Exercise objective
Please repeat the line that has "this 240×360 image." and all lines after it, exactly as they appear, through the end of the entries.

Supplied information
-*-*-
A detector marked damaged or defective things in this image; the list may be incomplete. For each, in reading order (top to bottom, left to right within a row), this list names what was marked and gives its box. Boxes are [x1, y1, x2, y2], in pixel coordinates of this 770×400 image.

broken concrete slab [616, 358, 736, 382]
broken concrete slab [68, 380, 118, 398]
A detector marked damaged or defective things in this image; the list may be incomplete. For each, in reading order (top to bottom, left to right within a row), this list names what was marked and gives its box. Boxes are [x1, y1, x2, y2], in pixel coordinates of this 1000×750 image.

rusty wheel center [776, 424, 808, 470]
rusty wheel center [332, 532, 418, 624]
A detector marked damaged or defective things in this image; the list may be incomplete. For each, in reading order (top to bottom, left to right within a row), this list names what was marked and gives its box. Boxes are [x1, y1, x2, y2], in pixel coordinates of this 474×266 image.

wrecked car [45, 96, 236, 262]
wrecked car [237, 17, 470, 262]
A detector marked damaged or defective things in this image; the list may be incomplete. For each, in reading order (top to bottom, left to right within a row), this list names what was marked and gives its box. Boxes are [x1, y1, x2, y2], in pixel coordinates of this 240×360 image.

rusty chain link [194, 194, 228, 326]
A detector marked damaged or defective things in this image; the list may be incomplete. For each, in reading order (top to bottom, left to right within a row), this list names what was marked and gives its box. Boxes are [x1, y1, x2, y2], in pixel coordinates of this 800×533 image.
-*-*-
Your response
A detector marked damaged or defective things in this image; the list may be incomplete. For each, in reading order (top to bottom, left to right within a row), this list names what was marked and gives its box. Boxes are [x1, y1, x2, y2], in pixel coordinates of this 240×360 image.

rusty chain link [194, 194, 228, 326]
A detector marked damaged or defective things in this image; the list may be incomplete. For each, in reading order (top to bottom, left to right within a row), this list names what was marked and gives its box. Boxes are [x1, y1, x2, y2], in pixel coordinates of this 800×533 image.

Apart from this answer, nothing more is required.